A natural question arises: what is the “shape” of this space?
- Is it flat like Euclidean space, where the shortest path between two points is a straight line and notions of distance are straightforward?
- Or does it have a more complex, curved structure?
Standard Euclidean geometry often falls short when applied to the parameter spaces of statistical models. For instance, a step of size \(\epsilon\) in one parameter might change the distribution much more significantly than a step of the same size \(\epsilon\) in another parameter, or even in the same parameter but at a different location in the parameter space. This suggests that the naive Euclidean distance between parameter vectors is not a “natural” or “intrinsic” measure of how different the corresponding distributions are.
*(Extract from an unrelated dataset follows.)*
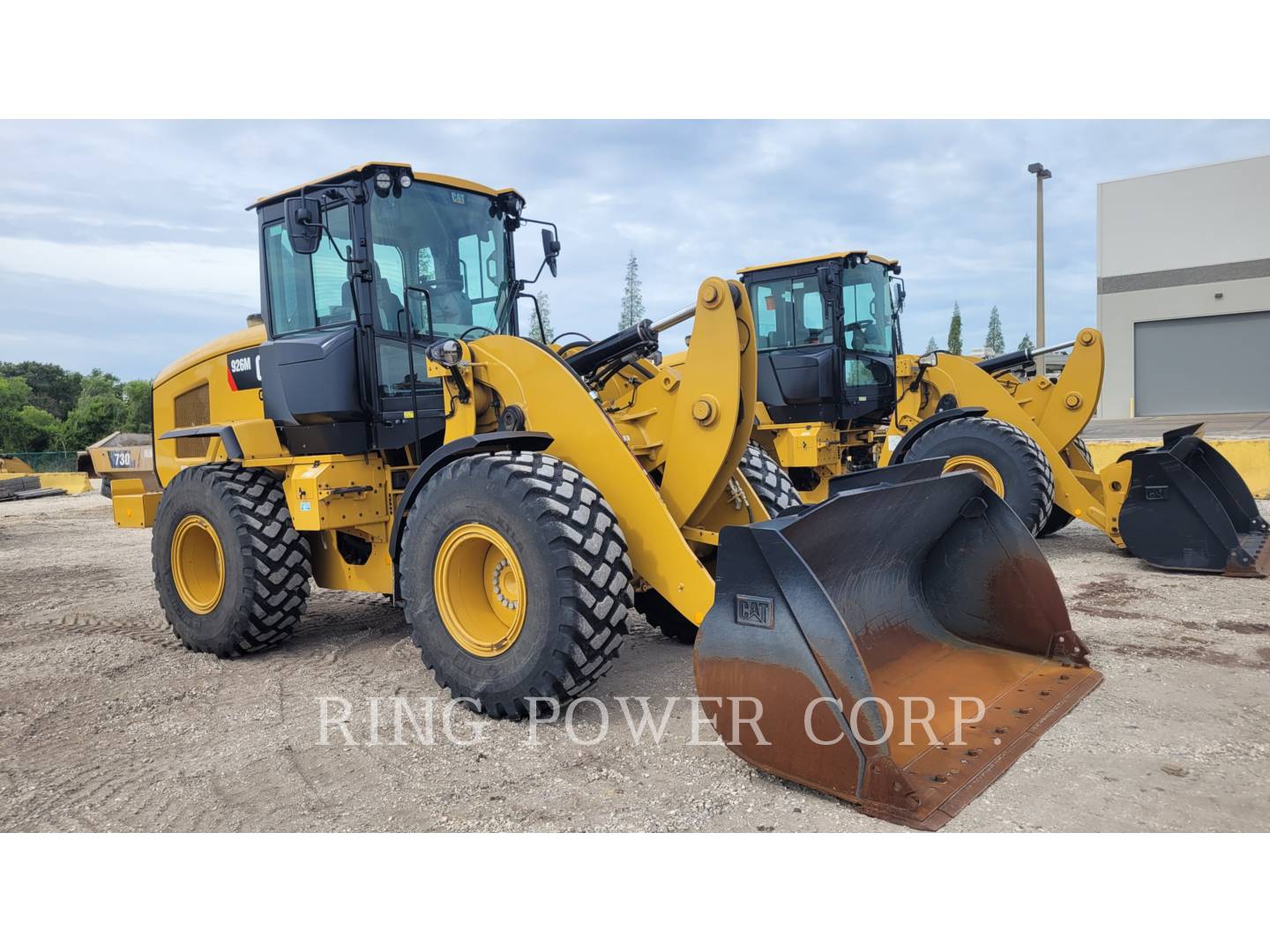 2020 Caterpillar 926MQC3V Wheel Loader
Information Geometry addresses this by endowing the space of probability distributions with a Riemannian manifold structure. This means we can:
- Define a “local distance” between infinitesimally close distributions that reflects their statistical distinguishability.
- Talk about lengths of paths, angles between directions of change, curvature, and geodesics (the “straightest possible” paths) on this manifold.
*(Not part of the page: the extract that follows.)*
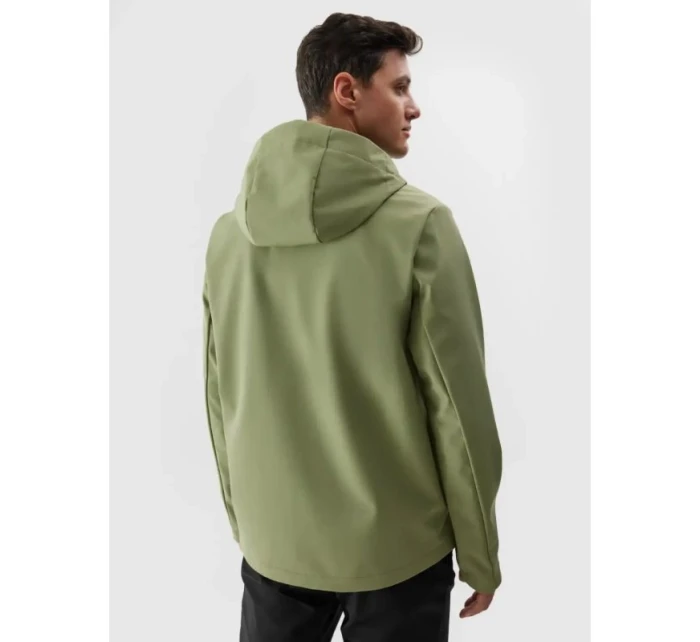 Softshellová vetruodolná bunda 4F M 4FWAW24TSOFM283-43S Softshellová vetruodolná bunda 4F M 4FWAW24TSOFM283-43S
This geometric perspective allows us to:
- Gain deeper insights into the behavior of statistical estimators and hypothesis tests.
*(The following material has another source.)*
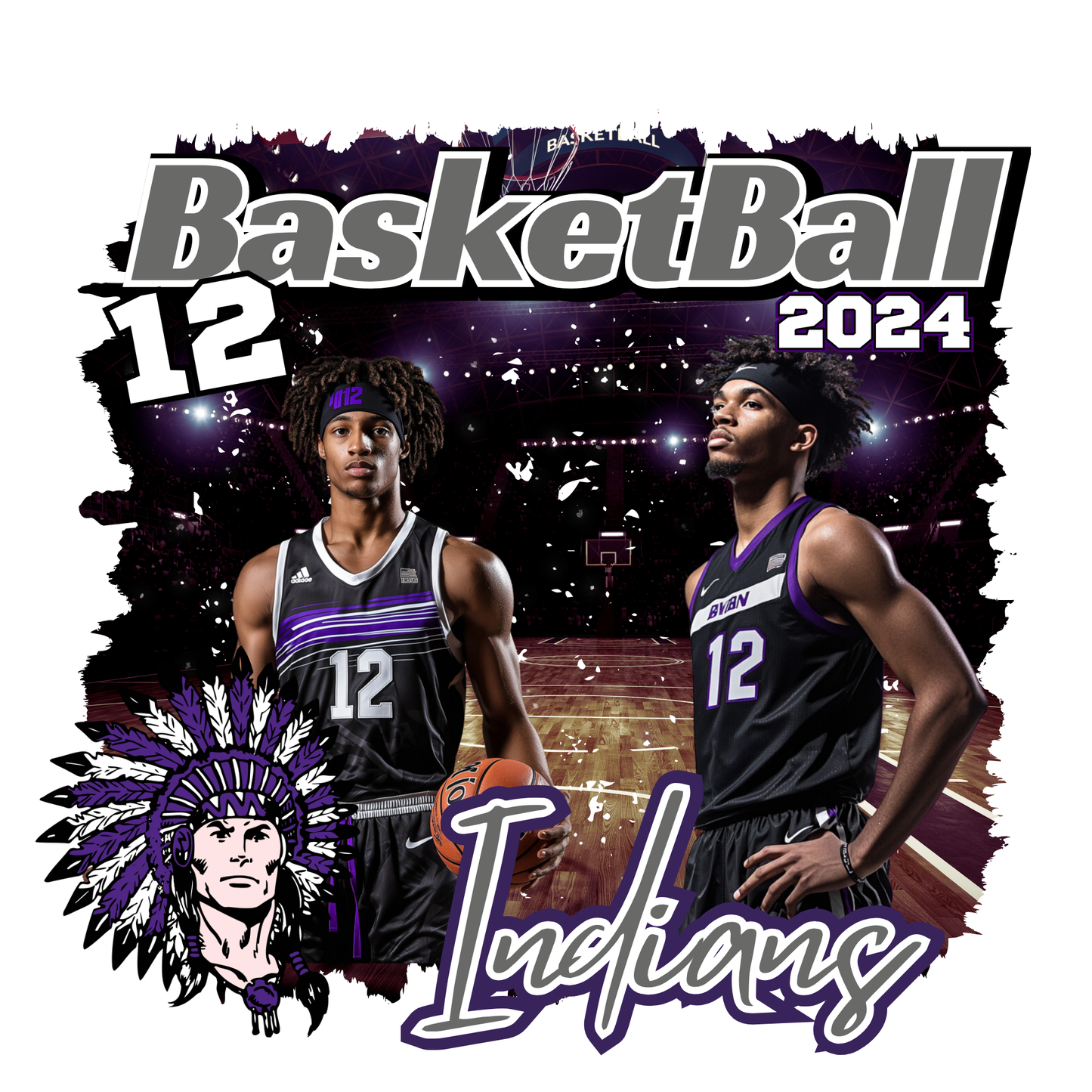 BASKETBALL EDITABLE DESIGN BUNDLE (30 PC)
- Understand the properties of information measures like KL divergence.
- Develop more efficient optimization algorithms (like the natural gradient) that respect the intrinsic geometry of the problem space.
In this part, we will formalize the idea of a “statistical manifold” and introduce the Fisher Information Metric, which provides the machinery for all these geometric notions.
Statistical Manifolds
The core idea is to treat a family of probability distributions as a differentiable manifold, where the parameters of the distributions serve as local coordinates.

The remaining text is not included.